The first design challenge is simply getting people running. The dependency graph for a GPU-capable HPC code is significant: MPI, a finite element library (MFEM), a performance portability layer (RAJA), memory management (Umpire), a crystal plasticity library (ExaCMech), and several linear algebra packages. Rather than documenting all of this and hoping users figure it out, ExaConstit ships platform-specific install scripts—CPU, CUDA, and HIP/ROCm variants—that encode the full build sequence and known-good dependency versions for each backend. Simulation configuration itself is handled through human-readable TOML files that control everything from mesh parameters and solver tolerances to material model selection and output options, so users never need to touch source code for routine use.

The GPU portability story is built around RAJA, LLNL’s performance portability framework. The key idea is that compute kernels—the hot loops over mesh nodes or quadrature points—are written once against RAJA’s abstraction layer and compiled to CPU sequential, OpenMP, CUDA, or HIP targets purely through build-time configuration and a runtime backend selector. MFEM handles the equally important challenge of keeping finite element operator data structures resident on the device and minimizing host-device transfers, supporting multiple assembly strategies—from fully matrix-free “partial assembly” (ideal for very high polynomial orders) to “element assembly” (which only forms individual element matrices rather than a global system, hitting a practical sweet spot for GPU memory bandwidth on typical problems). The result is that the same physics code runs on a laptop CPU or an AMD MI300A GPU cluster with no algorithmic changes—just a different build flag and a one-line config switch.

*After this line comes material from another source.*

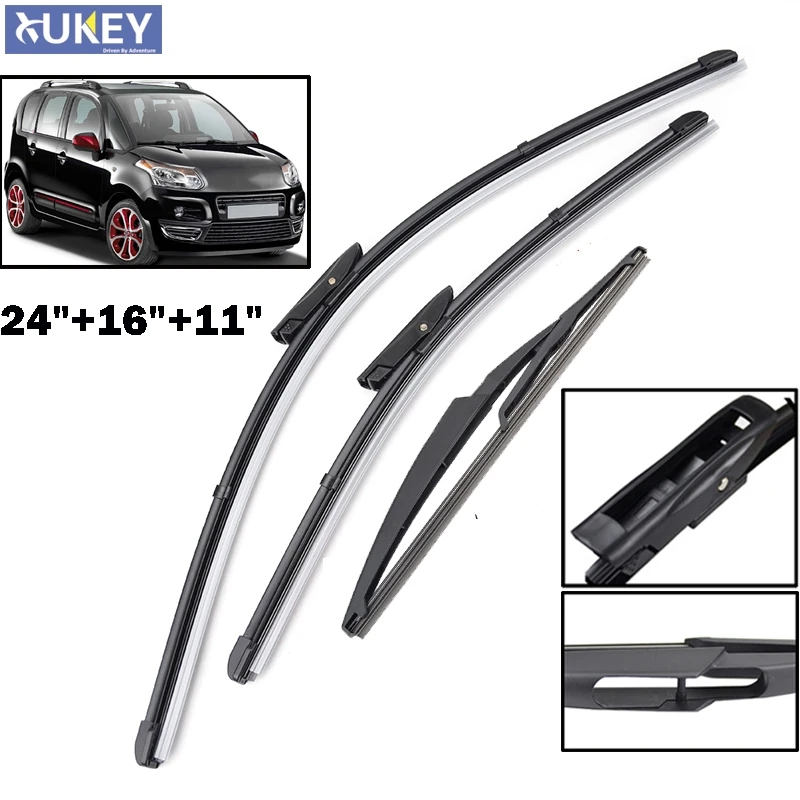 Xukey Front Rear Window Windscreen Wiper For Citroen C3 Picasso 2011-2017 2016 2015 2014 2013 2012 24\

The FEM framework is organized around a clean separation between three concerns that are often tangled together in legacy codes: the time-stepping and nonlinear solve logic, the finite element assembly machinery, and the material model. The nonlinear mechanics problem at each time step is solved via Newton-Raphson, which requires assembling both a residual (internal forces) and a tangent stiffness (Jacobian) from contributions at every quadrature point in the mesh. The key design decision here is that the assembly layer communicates with the material model through a well-defined interface: it hands off the local deformation state at each quadrature point and gets back stress and a material tangent stiffness, with no knowledge of what the material model actually does internally. This separation means the FEM machinery, the solver infrastructure, and the constitutive models can all evolve independently—a new solver strategy doesn’t require touching material model code, and a new material model doesn’t require understanding anything about FEM assembly.

That material model interface is where user extensibility lives. ExaConstit ships with first-class support for ExaCMech, LLNL’s GPU-native crystal plasticity library covering a range of physically-based models for FCC, BCC, and HCP metals. But it also supports the UMAT interface—the standard constitutive model calling convention originally from Abaqus—meaning any model written to that spec (in C, C++, or Fortran) can be dropped in, either compiled directly or loaded at runtime as a shared library without recompilation. Multi-material simulations, where different mesh regions use different models, are handled through a composite design pattern that presents a single unified model interface to the rest of the code regardless of how many underlying models are active. On the output side, the postprocessing system supports full field output to VisIt and ParaView, alongside a volume-averaging system that computes per-region aggregate quantities—stresses, strains, lattice strains across all crystal symmetry groups—formatted for downstream Python analysis workflows.

Repository: github.com/LLNL/ExaConstit Citation: R.A. Carson, S.R. Wopschall, J.A. Bramwell. ExaConstit [Computer Software], 2019. doi:10.11578/dc.20191024.2

Assembly formulation references:
A.K. Gupta, B. Mohraz. “A method of computing numerically integrated stiffness matrices.” International Journal for Numerical Methods in Engineering 5(1), pp. 83–89, 1972. doi:10.1002/nme.1620050108
A.K. Gupta. “Efficient numerical integration of element stiffness matrices.” International Journal for Numerical Methods in Engineering 19(9), pp. 1410–1413, 1983. doi:10.1002/nme.1620190910


ExaCMech [Open-Source Software]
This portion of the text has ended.